ECB: Predicting distress in European banks


As outright bank failures have been rare in Europe, this paper introduces a novel dataset that complements bankruptcies and defaults with state interventions and mergers in distress.

This paper presents research conducted within the Macro-prudential Research Network (MaRs). The paper is released in order to make the research of MaRs generally available, in preliminary form, to encourage comments and suggestions prior to final publication.

The global financial crisis has had a significant impact on the health of the European banking system and on the soundness of individual banks. Beyond the direct bailout costs and output losses, the interplay of fiscally strained sovereigns and weak banking systems that characterise the ongoing sovereign debt crisis show the importance of the euro area banking sector for the stability of the entire European Monetary Union. The motivation for an early-warning model for European banks is thus clear.

To derive an early-warning model for European banks, this paper introduces a novel dataset of bank distress events. As bank defaults are rare in Europe, the data set complements bankruptcies, liquidations and defaults by also taking into account state interventions, and mergers in distress. State interventions comprise capital injections and asset reliefs (asset protection and guarantees). A distressed merger occurs if (i) a parent receives state aid within 12 months after the merger or (ii) if a merged entity has a coverage ratio (capital equity and loan reserves minus non-performing loans to total assets) smaller than 0 within 12 months before the merger.

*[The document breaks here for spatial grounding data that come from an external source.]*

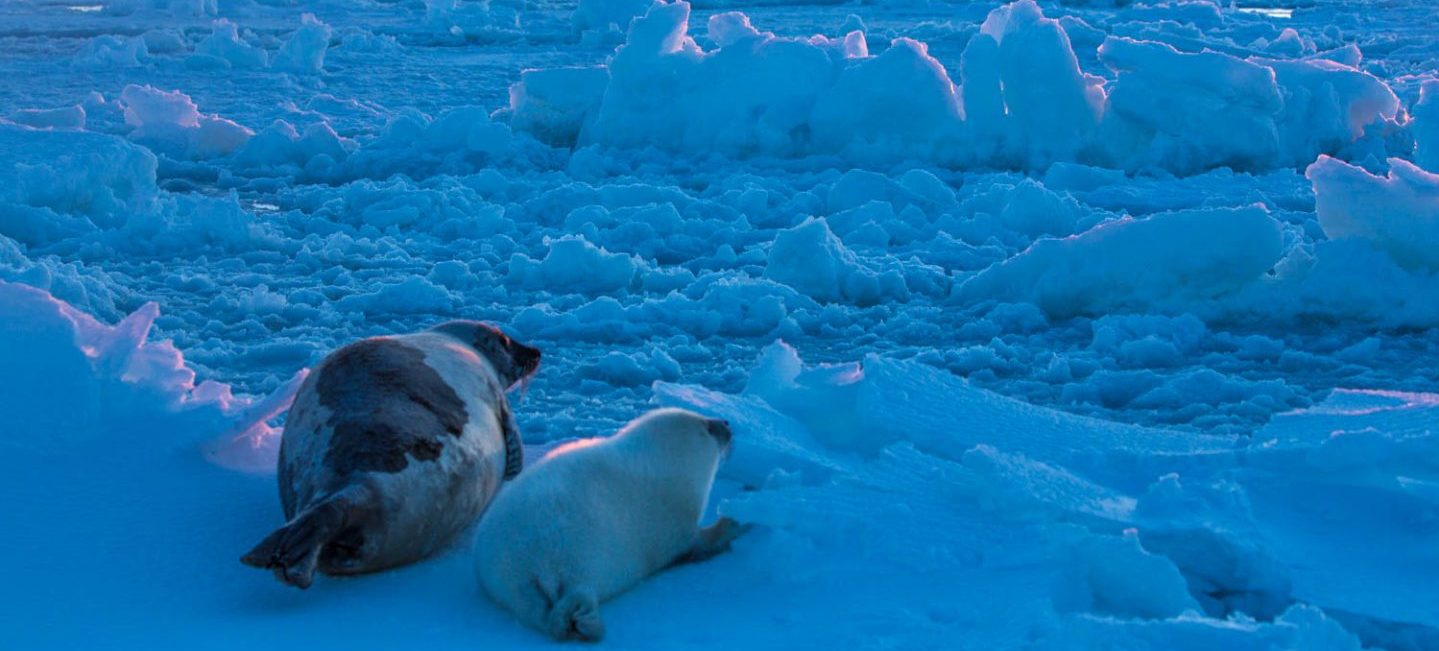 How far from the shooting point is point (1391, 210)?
17.7ft

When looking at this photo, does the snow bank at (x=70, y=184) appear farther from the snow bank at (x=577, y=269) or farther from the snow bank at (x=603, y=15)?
the snow bank at (x=603, y=15)

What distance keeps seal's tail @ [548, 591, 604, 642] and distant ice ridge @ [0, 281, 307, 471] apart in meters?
1.11

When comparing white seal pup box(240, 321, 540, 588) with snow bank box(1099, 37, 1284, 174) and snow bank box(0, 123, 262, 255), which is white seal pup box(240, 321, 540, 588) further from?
snow bank box(1099, 37, 1284, 174)

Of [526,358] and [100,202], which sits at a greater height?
[526,358]

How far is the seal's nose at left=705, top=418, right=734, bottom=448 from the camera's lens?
2842 mm

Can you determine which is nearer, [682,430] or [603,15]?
[682,430]

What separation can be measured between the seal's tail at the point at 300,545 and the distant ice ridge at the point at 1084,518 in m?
0.73

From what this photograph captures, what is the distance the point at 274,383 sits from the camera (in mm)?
4441

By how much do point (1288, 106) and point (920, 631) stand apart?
22.8 ft

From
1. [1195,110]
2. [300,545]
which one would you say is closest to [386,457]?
[300,545]

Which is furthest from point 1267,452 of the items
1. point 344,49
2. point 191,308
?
point 344,49

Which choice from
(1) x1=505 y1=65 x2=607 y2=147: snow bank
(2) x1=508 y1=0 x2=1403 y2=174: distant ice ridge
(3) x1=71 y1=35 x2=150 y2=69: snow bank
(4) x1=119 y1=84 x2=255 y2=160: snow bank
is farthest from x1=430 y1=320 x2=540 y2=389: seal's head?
(3) x1=71 y1=35 x2=150 y2=69: snow bank

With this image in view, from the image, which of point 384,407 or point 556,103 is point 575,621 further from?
point 556,103

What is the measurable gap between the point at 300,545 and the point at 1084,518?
1407mm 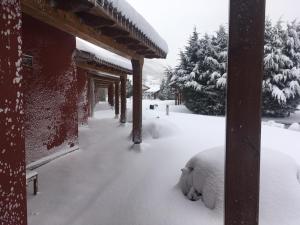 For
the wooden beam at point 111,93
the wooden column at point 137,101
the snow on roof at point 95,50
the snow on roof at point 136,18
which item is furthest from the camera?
the wooden beam at point 111,93

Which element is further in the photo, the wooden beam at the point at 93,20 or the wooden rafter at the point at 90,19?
the wooden beam at the point at 93,20

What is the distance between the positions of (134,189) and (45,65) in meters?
3.22

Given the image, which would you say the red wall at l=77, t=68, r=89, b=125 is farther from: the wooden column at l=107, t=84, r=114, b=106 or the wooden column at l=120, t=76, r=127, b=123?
the wooden column at l=107, t=84, r=114, b=106

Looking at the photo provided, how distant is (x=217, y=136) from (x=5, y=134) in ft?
24.1

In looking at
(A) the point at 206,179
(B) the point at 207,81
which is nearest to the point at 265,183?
(A) the point at 206,179

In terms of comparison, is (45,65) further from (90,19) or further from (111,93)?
(111,93)

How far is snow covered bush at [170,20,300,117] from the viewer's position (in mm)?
19656

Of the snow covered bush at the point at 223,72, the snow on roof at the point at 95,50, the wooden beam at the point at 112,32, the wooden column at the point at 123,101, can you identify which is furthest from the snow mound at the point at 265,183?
the snow covered bush at the point at 223,72

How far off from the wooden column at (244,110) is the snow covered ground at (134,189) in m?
1.13

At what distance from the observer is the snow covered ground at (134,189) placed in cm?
341

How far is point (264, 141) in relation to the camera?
7.89m

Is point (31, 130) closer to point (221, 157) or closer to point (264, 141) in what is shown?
point (221, 157)

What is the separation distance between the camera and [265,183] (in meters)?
3.53

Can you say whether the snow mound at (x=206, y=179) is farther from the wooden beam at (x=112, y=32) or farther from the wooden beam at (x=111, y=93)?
the wooden beam at (x=111, y=93) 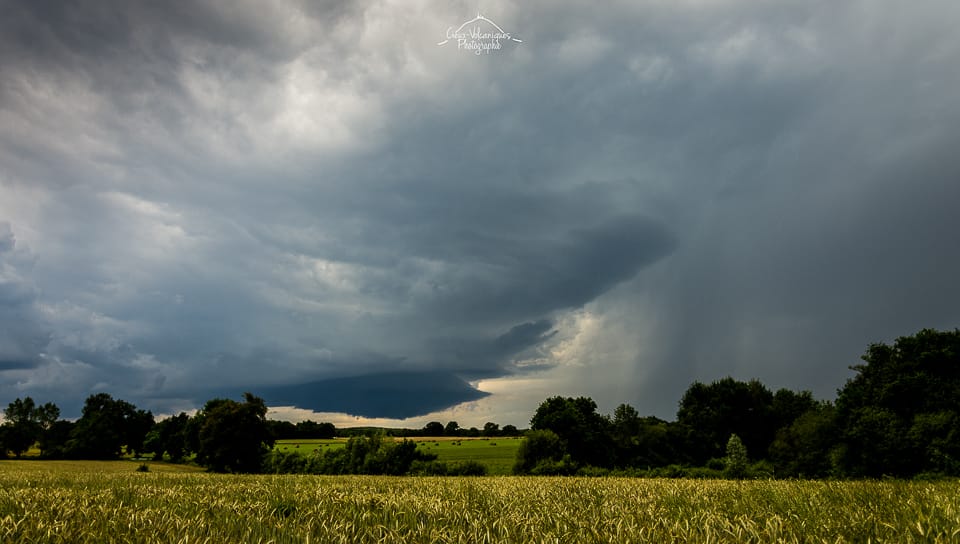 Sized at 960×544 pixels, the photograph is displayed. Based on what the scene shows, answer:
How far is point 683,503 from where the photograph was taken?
8.51m

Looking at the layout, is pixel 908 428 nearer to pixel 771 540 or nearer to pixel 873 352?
pixel 873 352

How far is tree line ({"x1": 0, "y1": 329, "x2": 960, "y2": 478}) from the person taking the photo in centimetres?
4766

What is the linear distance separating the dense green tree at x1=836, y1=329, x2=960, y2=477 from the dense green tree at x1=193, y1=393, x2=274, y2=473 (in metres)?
65.0

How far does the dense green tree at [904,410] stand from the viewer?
4612cm

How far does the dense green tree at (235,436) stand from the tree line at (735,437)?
0.40 feet

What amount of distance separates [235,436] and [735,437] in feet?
214

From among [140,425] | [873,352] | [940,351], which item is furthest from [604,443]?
[140,425]

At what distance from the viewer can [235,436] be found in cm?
5781

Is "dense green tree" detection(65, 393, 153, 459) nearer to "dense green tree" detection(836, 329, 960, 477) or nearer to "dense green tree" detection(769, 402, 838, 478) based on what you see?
"dense green tree" detection(769, 402, 838, 478)

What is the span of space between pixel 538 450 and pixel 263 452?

The outbreak of a financial crisis is known to be difficult to predict (e.g. Rose and Spiegel, 2011). Recently, the early-warning literature has therefore focused on detecting underlying vulnerabilities, and finding common patterns preceding financial crises (e.g. Reinhart and Rogofi, 2008; 2009). Thus, this paper focuses on predicting vulnerable states, where one or multiple triggers could lead to a bank distress event. The early-warning model applies a micro-macro perspective to measure bank vulnerability. Beyond bank-specific and banking-sector vulnerability indicators, the paper uses measures of macroeconomic and financial imbalances from the EU Alert Mechanism Report related to the EU Macroeconomic Imbalance Procedure (MIP).

The models are estimated to derive probabilities of banks being in vulnerable states, but a policy maker needs to know when to act. Following Sarlin (2013), the signals of the model are evaluated taking into account the policymaker's preferences between type I and type II errors, the uneven frequency of tranquil and distress events, and the systemic relevance of each bank.

This paper presents the first application of the evaluation framework to a bank-level model and represents a bank's systemic relevance with its size. Thus, the early-warning model can also be calibrated to focus on predicting systemic banking failures.

The paper finds that complementing bank-specific vulnerabilities with indicators of macro-financial imbalances and banking sector vulnerabilities improves model performance. The results also confirm the usefulness of the vulnerability indicators introduced recently as part of the EU MIP as well as findings in earlier literature. Moreover, the paper shows that an early-warning exercise using only publicly available data yields useful out-of-sample predictions of bank distress during the global financial crisis.